Des spectateurs se sont aussi empressés d’envoyer leurs commentaires à la Guild. Au début d’avril, William Lockwood, un avocat de New York, a écrit en suggérant la suppression de la scène de la mort. Helburn a répondu le 9 avril:
«Nous avons sérieusement envisagé la suppression de la scène de la mort mais, en en parlant, nous avons finalement pensé que comme il s’agissait d’une pièce musicale, nous devrions nous en tenir à raconter une vraie histoire, et il n’y a vraiment aucune raison d’avoir un Jud menaçant si cela ne débouche sur rien. De plus, c’est la mort de Jud qui permet à Tante Eller de faire son discours sur la dureté, ce qui nous semblait faire partie de la qualité pionnière essentielle de la pièce. Par conséquent, après mûre réflexion, nous avons jugé qu’il était plus sage de conserver cette scène.
À long terme, c’est une question d’opinion.»
Theresa Helburn à William Lockwood, un spectateur
Elle a même pris la peine de transmettre la lettre de ce William Lockwood à Hammerstein le 15 avril, peut-être pour rire, étant donné que la Guild avait déjà répondu: «Voici votre chance de défendre vos principes et les nôtres. Que diriez-vous d’envoyer un mot au vieil homme qui se mêle de tout — ou dites-moi ce que vous voulez que je dise en vous citant?»

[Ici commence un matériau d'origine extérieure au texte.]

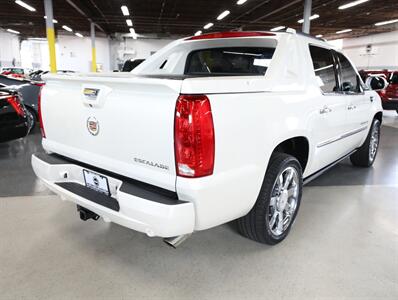 2013 Cadillac Escalade EXT Premium   - Photo 9 - Addison, IL 60101
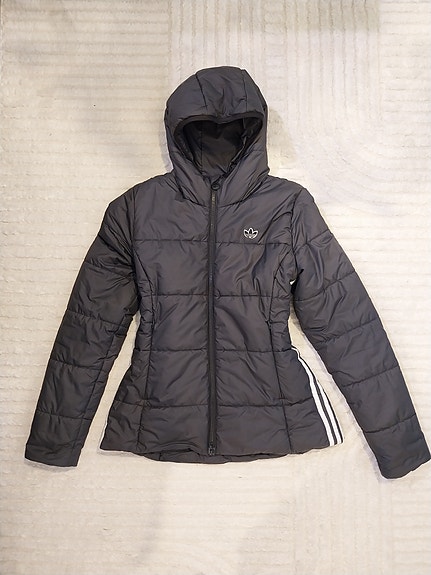 Adidas Originals Slim Jacket – musta kevyttoppatakki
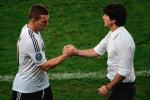 Lukas Podolski, Joachim Löw: męski uścisk dłoni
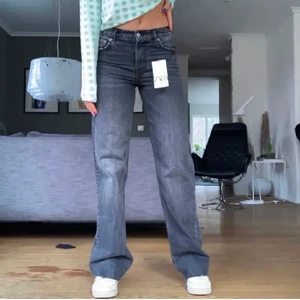 Zara jeans - Zara jeans i storlek 36, helt ny och oanvänd , prislapp sitter kvar. Så populära och helt slut på hemsidan. Kontakta mig för flera bilder. Budgivning börjar från 270, eller köpa direkt för 350kr. Första till kvarn 😊 kolla min profil 💞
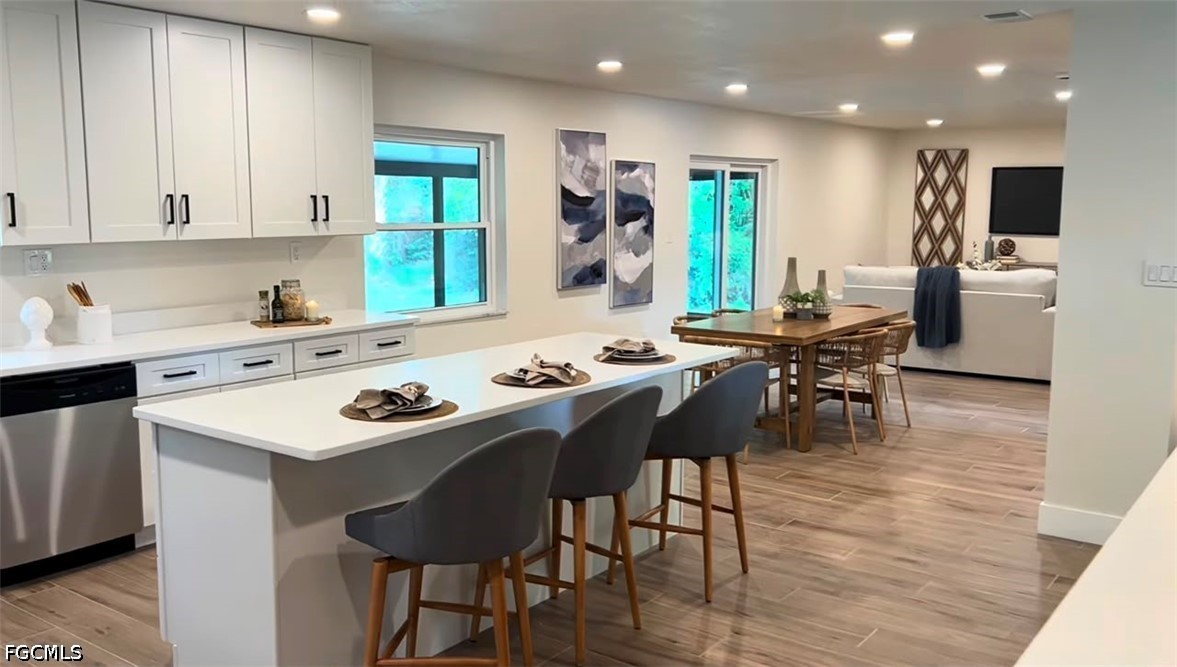 3 Bed SingleFamilyResidence for Sale in Winter Park, photo 2
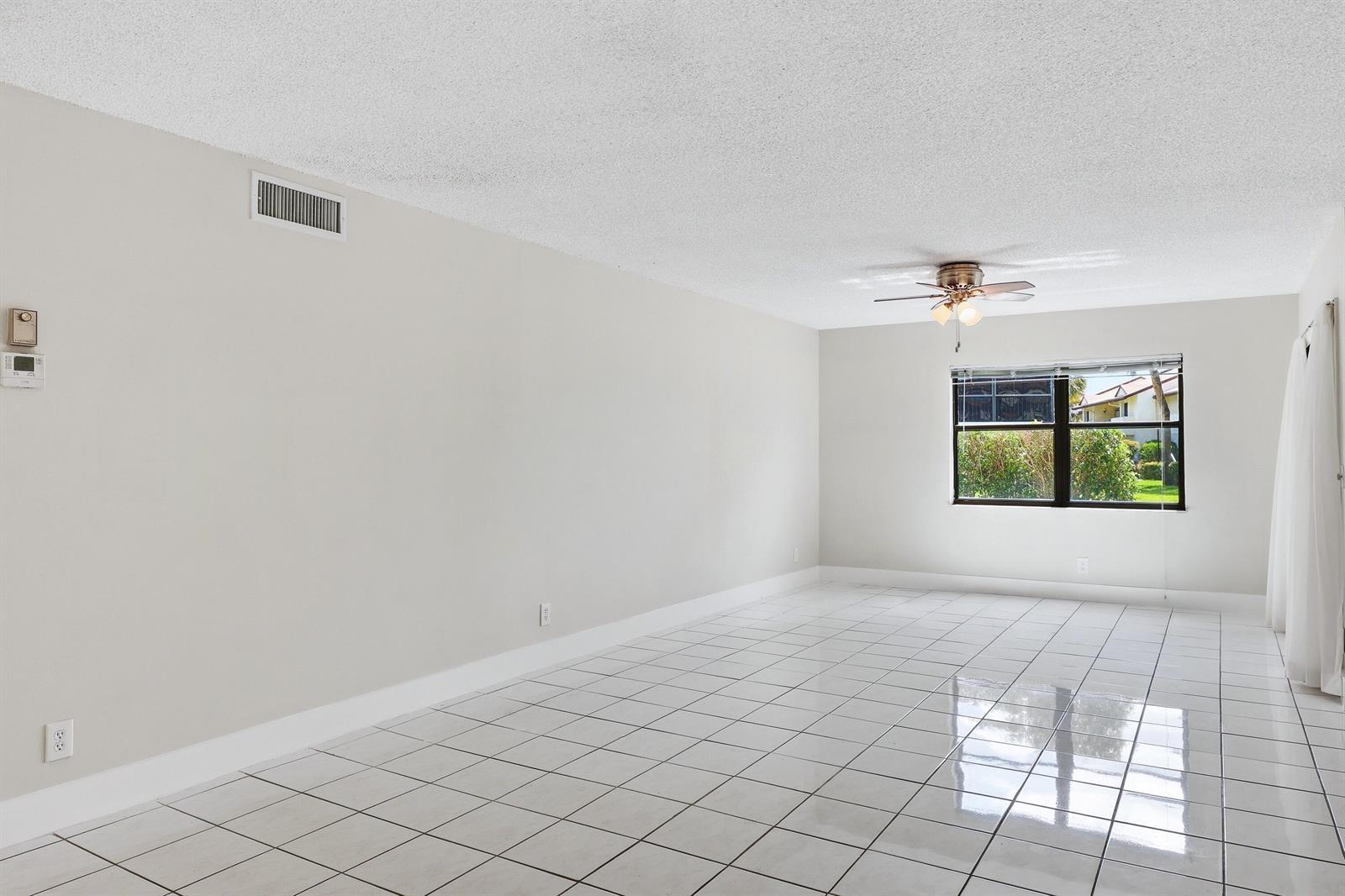 3242 Perimeter Drive, FL 33467 photo 4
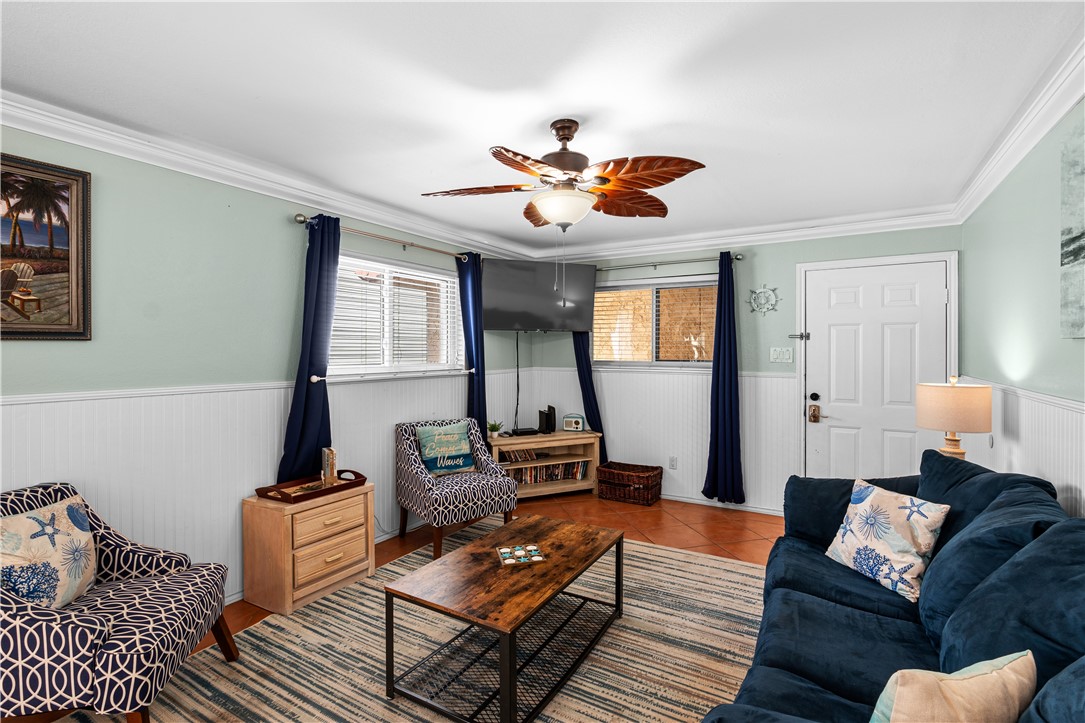 14921 Windward Dr 209 Property Photo 6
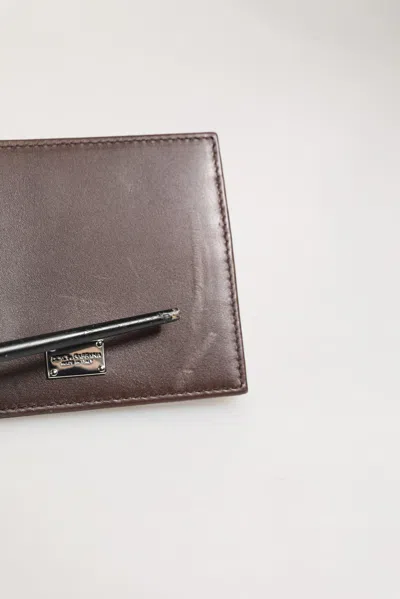 Pre-owned Dolce & Gabbana Brown Leather Dg Logo Engrave Bifold Card Holder Men's Wallet ()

L’éloge funèbre envoyé le 8 avril par Myron Galewski, adressé à tous ceux qui s’intéressent à la production de l’Oklahoma, était plus typique:
«C’est juste pour vous remercier d’avoir produit l’une des plus belles et passionnantes pièces musicales jamais produites dans le théâtre américain. Oklahoma! () est le genre de musical dont j’ai rêvé mais que je n’ai jamais espéré voir, et c’est bel un exemple de ce que peut être un musical quand l’artisanat et l’art entrent dans sa fabrication, et que son matériau source est aussi judicieusement choisi que Green Grow the Lilacs.
J’espère que la combinaison Rodgers-Hammerstein-Mamoulian-De Mille se réunira sur un autre musical dans un avenir pas trop lointain, afin qu’ils puissent créer un autre miracle comme Oklahoma! (), bien que, comme je l’ai dit auparavant, c’est presque trop d’espérer…»
Theresa Helburn à William Lockwood, un spectateur
Galewski était un amateur de théâtre et dramaturge amateur, qui a donc peut-être essayé de gagner la faveur de la Theatre Guild. Mais il est clair que son opinion était largement partagée.
Nous n'en étions qu'au début d'une longue aventure: plus de cinq ans à Broadway. De nombreux revivals. Un succès mondial. Una adaptation cinéma. Mais, surtout, Oklahoma! a permi de tourner définitvement une page du théâtre musical en créant ce que l'on appelle aujourdhui «un musical».